After a decade of negotiations, threats and promises, the Vikings showed Minnesota the money Thursday night.
The team stacked up a subsidy from the NFL, a personal seat license plan and future naming rights to pay its $477 million dollar share of the new stadium.
And then Vikings owners kicked in another nine figures to seal the deal.
"The 100 million in equity is cash coming from the Wilfs, from the pockets of our owners," said Vikings Chief Financial Officer Steve Poppen.
The financing details were finally made public as the team and the Minnesota Sports Facilities Authority signed a pair of agreements more than 500 pages long.

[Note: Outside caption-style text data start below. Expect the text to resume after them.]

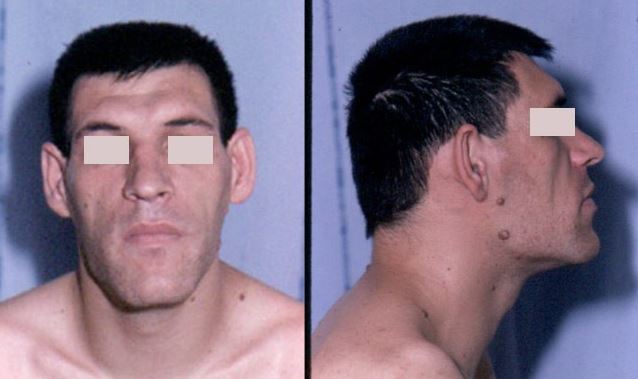 Man With Acromegaly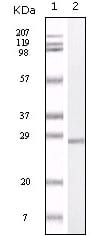 Figure 1: Western blot analysis using S100A mouse mAb against truncated S100A recombinant protein.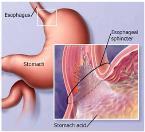Rectum and Anus End of gastrointestinal tract, extending from large intestine Rectum: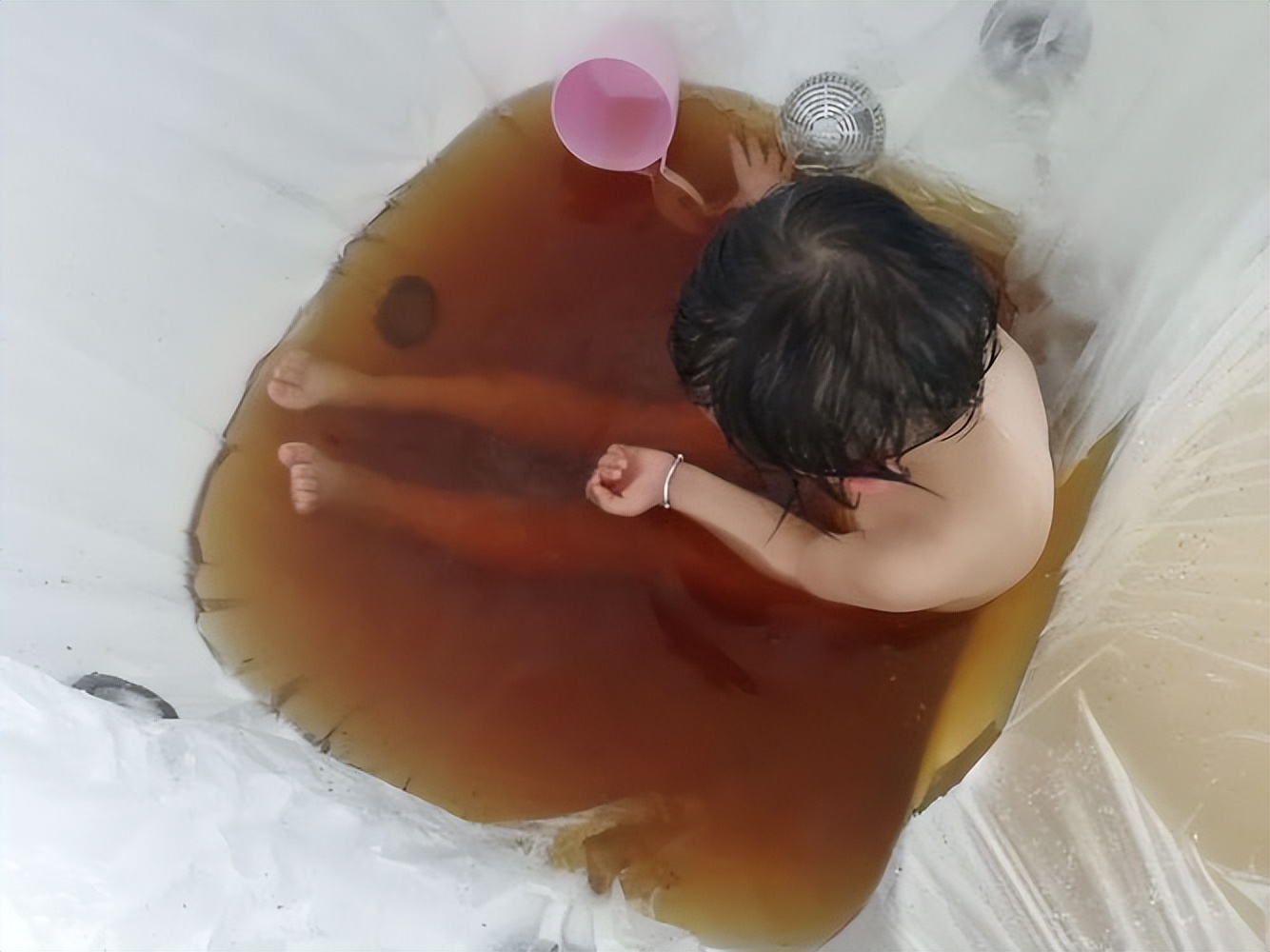 肛周脓肿中医三黄膏,紫草膏可以治肛周脓肿吗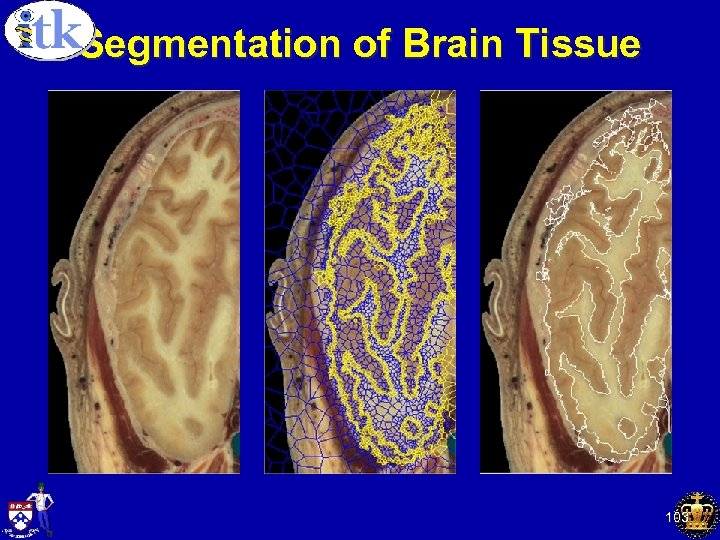 Segmentation of Brain Tissue 103 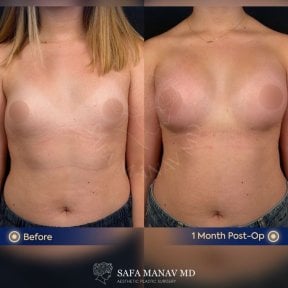 before-after photo uvelicenie-grudi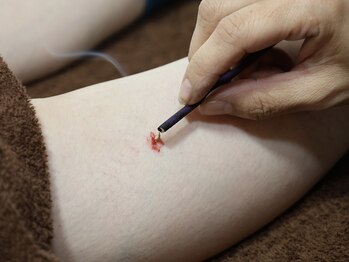 ティルナノーグイリニ(Tir Na Nog-EIRINI)/巡り、整う。八分灸の時間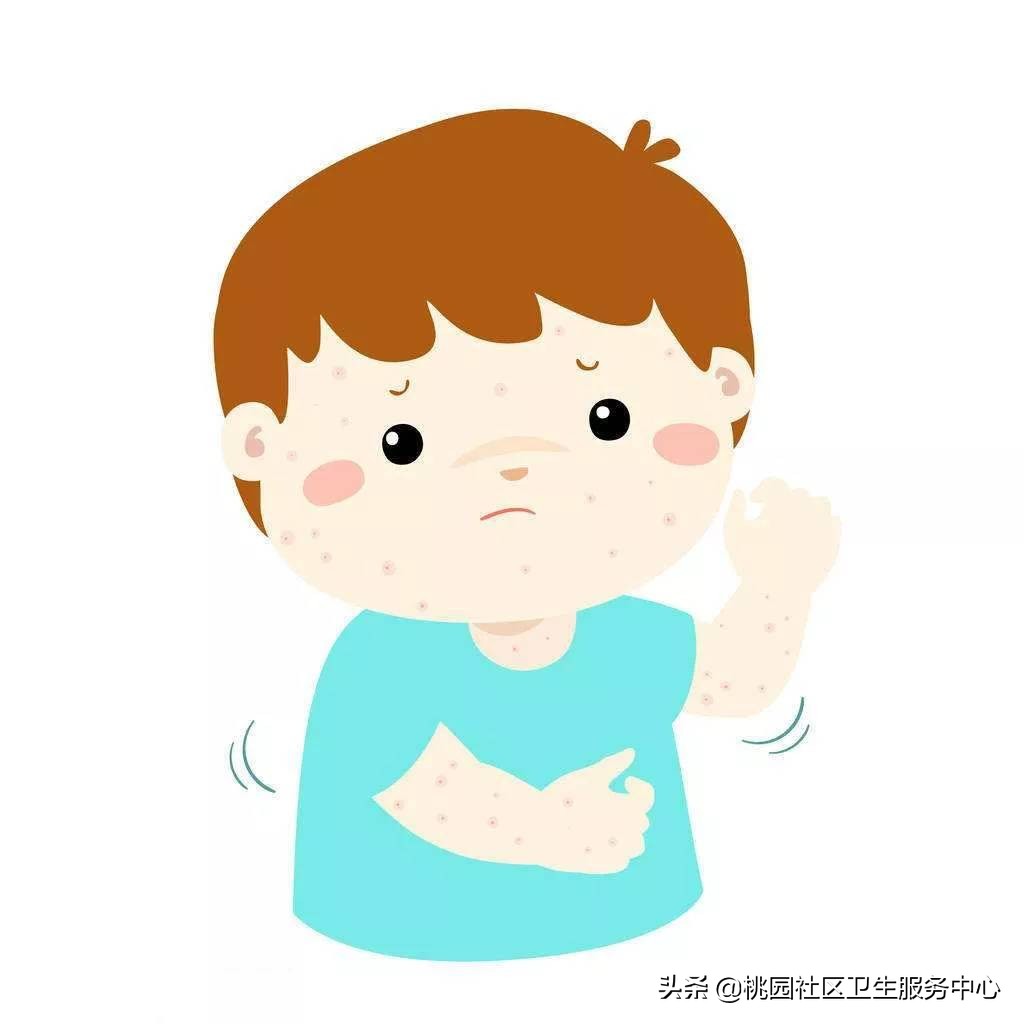 关于水痘高发期的注意事项,水痘的坑怎么消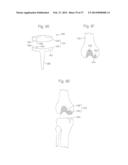 METHOD FOR ROBOTIC ARTHROPLASTY USING NAVIGATION diagram and image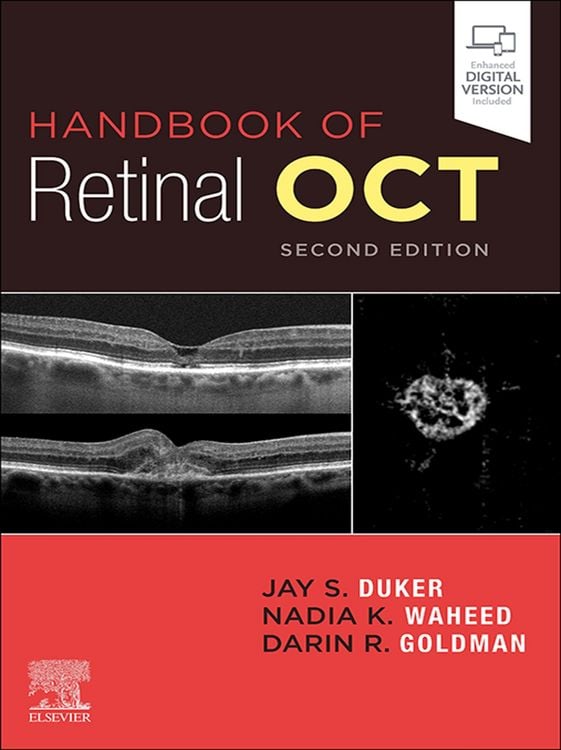 Produktbild: Handbook of Retinal OCT: Optical Coherence Tomography E-Book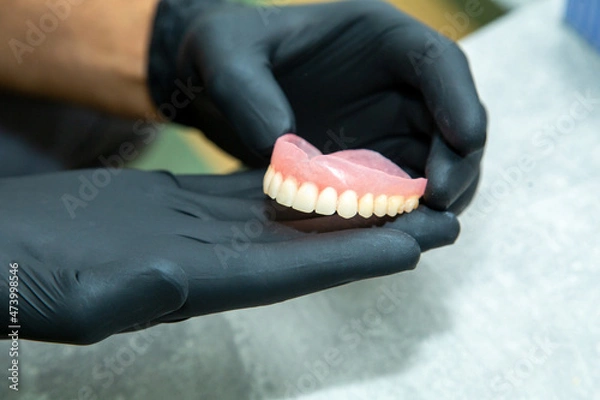 Obraz tooth mold for tooth restoration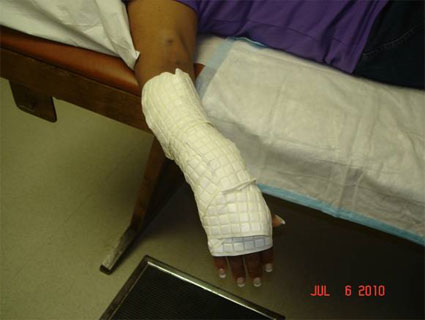Purple Cast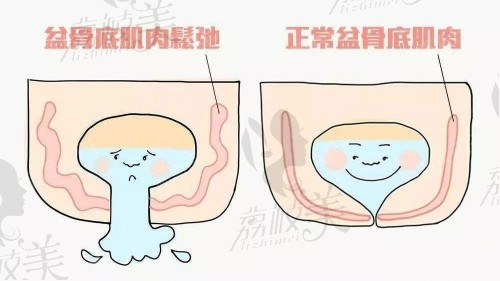 国内3d生物束带术紧缩医院前十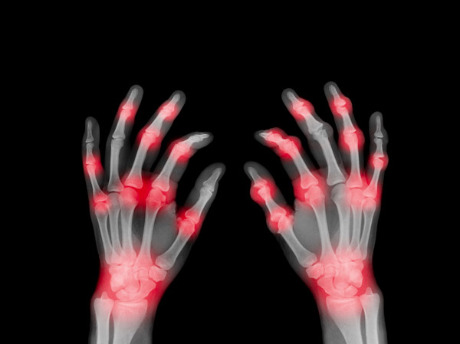 Image of Rheumatoid arthritis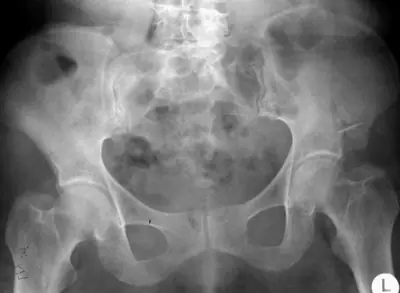 Radiograph from the case bank: Hip (proximal femoral) fracture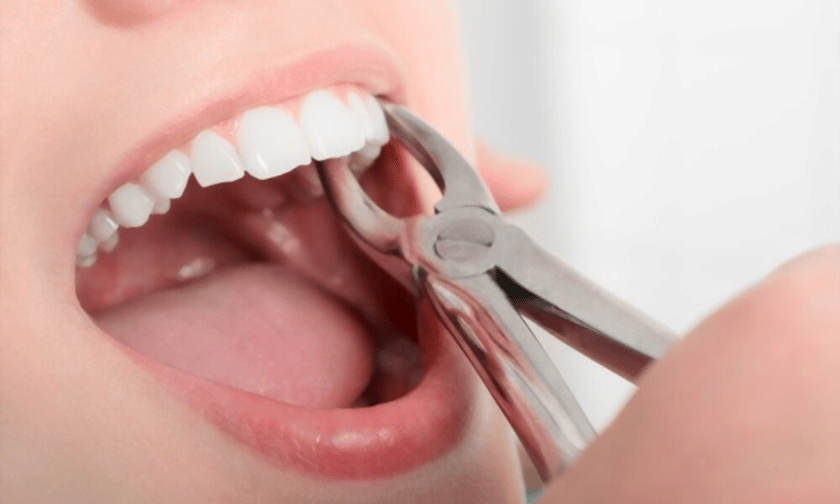 Tooth Extraction in Beverly Hills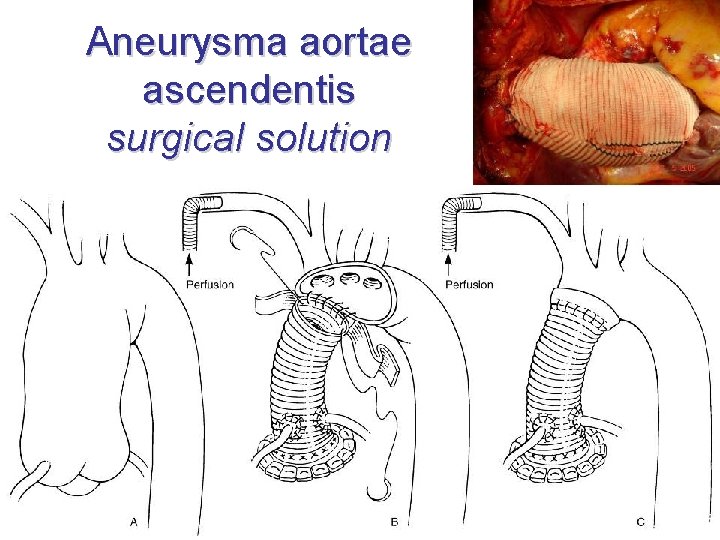 Aneurysma aortae ascendentis surgical solution 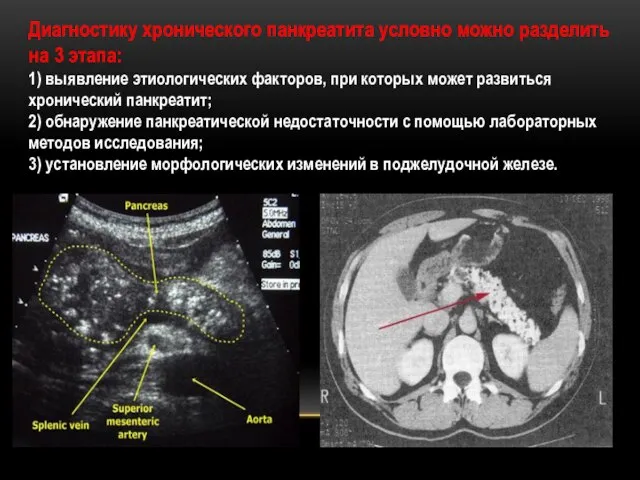 Диагностику хронического панкреатита условно можно разделить на 3 этапа: 1) выявление этиологических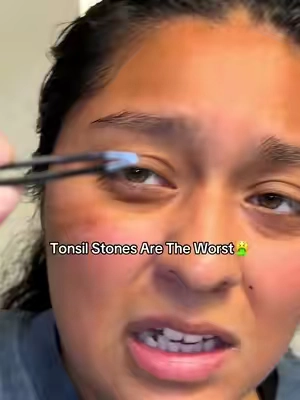 Not fun at all…. #tonsilstones #tonsils #badbreath #teeth #fyp 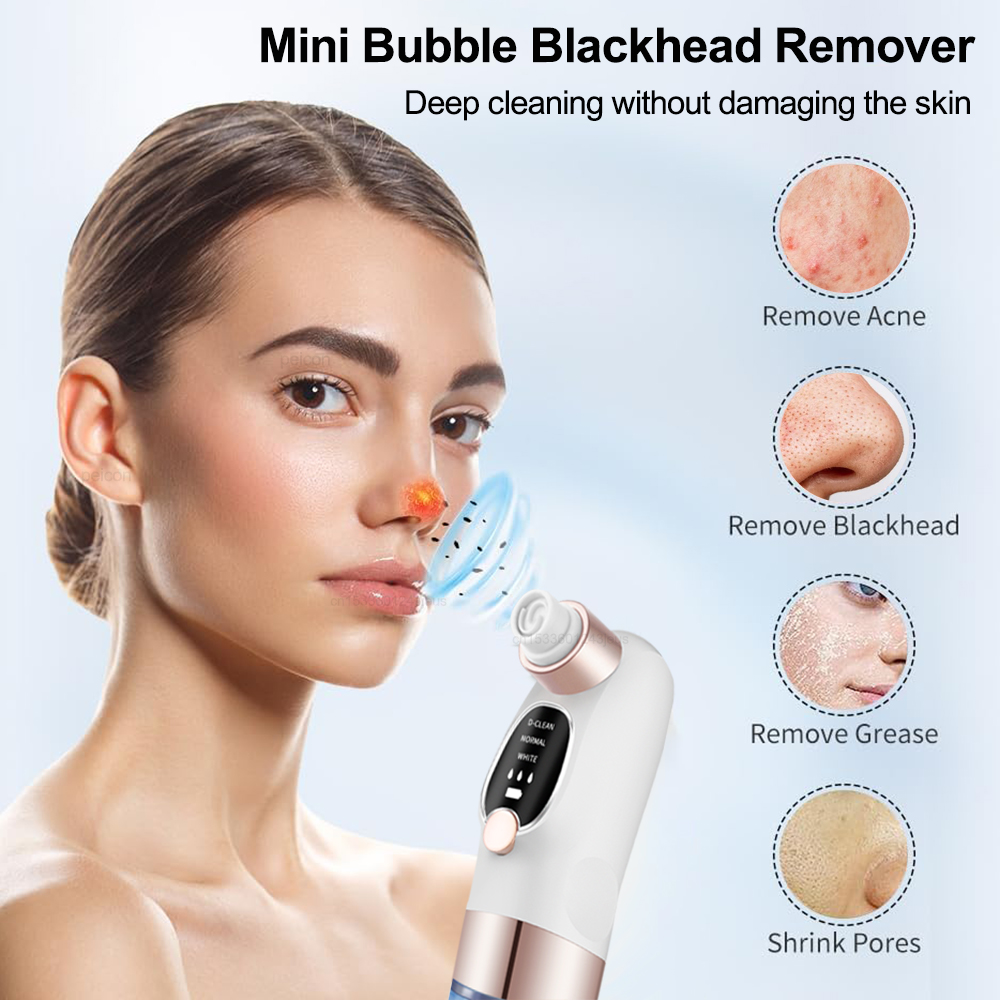 Электрический экстрактор черны – обзор и цена Pore Vacuum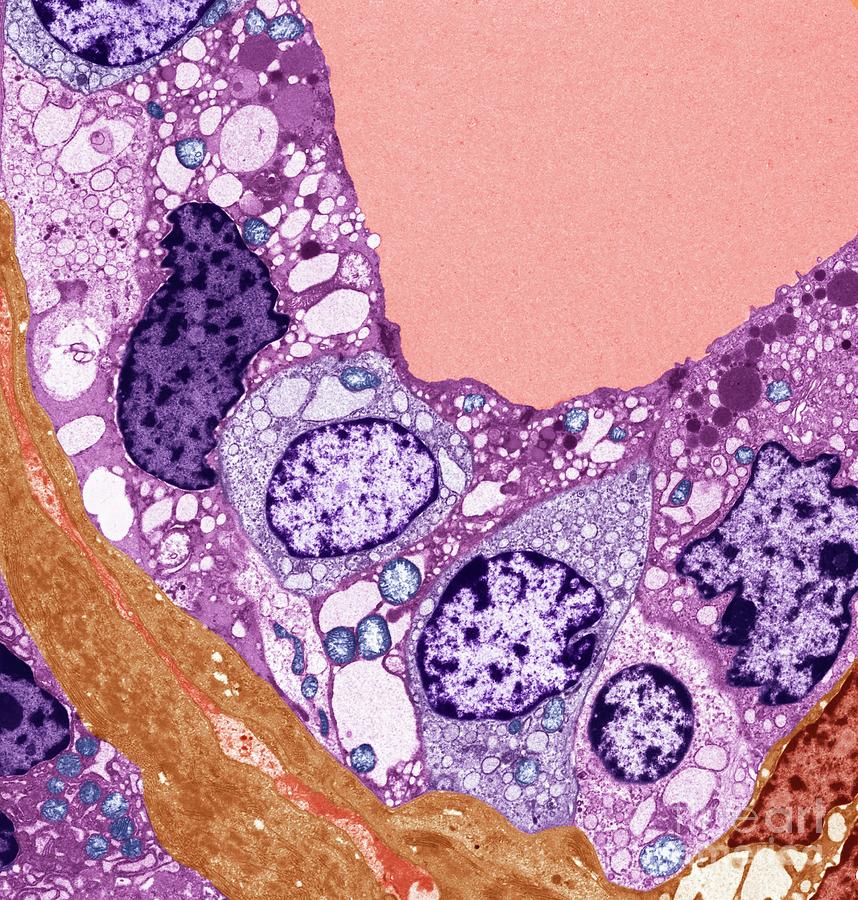 Thyroid Cancer Photograph by Steve Gschmeissner/science Photo Library ...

As Minnesota Gov. Mark Dayton had demanded, the team committed more of its own cash to the project in the end. That's money on top of the other revenues the Vikings earmarked to pay their 49 percent share of the billion dollar stadium project.
But Vikings fans will have to put up, too. The state has agreed to sell $125 million in personal seat licenses on the team's behalf. The licenses will range in price from $500 to $10,000, although the average seat license will cost $2,500 each.
And three out of four fans will have to buy a license in the 65,000 seat stadium. The licenses are one-time fees, that give buyers ownership of the seat. They're also commodities that can be traded or sold.
The cost of seat licenses at the Vikings stadium is nowhere near the most expensive in the league. In the NFL's newest stadium in San Francisco, fans paid as much as $80,000 a seat.
Gov. Mark Dayton conceded the deal wasn't all he was hoping for when he started talks with the team more than two years ago.
"I can safely assume that for most Minnesotans, this will look like a questionable deal, because the economics of professional sports are highly questionable all over this country," he said.
But Dayton said half a billion dollars in taxpayer money, and tens of millions more from fans, was ultimately worth it.
"We've been dealing with this from the very beginning, that if we want to keep the team in Minnesota, if we want all the jobs that this project is going to provide, if we want to have this as a magnet for further economic development in that blighted part of Minneapolis, that we had to make a deal, and we had to get the owners of the team to agree to a deal."
Vikings fans are of several minds about the plan.
"It's not a deal breaker," said Lonnie Van Klei of Stillwater, who's had seats in the Metrodome for 20 years. "It's kind of like paying taxes I guess. It's not that you want to do it, but you have to do it. I've just been part of the experience for too many years to let it go away, and sit at home and watch it."
But others are balking at the idea of paying twice, because even if you buy a seat license for hundreds of dollars, you still need to buy tickets.
"It's the principal mainly, but its a little bit of the money as well," said Dixie Hilton at the Vikings-Browns game last month.
It may be months before fans actually know what it will take to keep their seats. The Vikings have rented space for a sales center in Minneapolis and will be rolling out prices and payment plans by early next year.
The team itself will be signing off on nearly $400 million in loans in the coming weeks to pay a total of about $550 million, including financing and preparation costs.
Stadium authority chair Michele Kelm-Helgen says the state will borrow $498 million, an amount that includes the city of Minneapolis' share. After the financing closes in mid-November, the construction preparations will begin.
And the Metrodome will soon be history.
"The team will finish their season some time in January, hopefully after a playoff game or two, and we will have the building taken down beginning then in February," Kelm-Helgen said.
The new stadium is scheduled to open in July of 2016.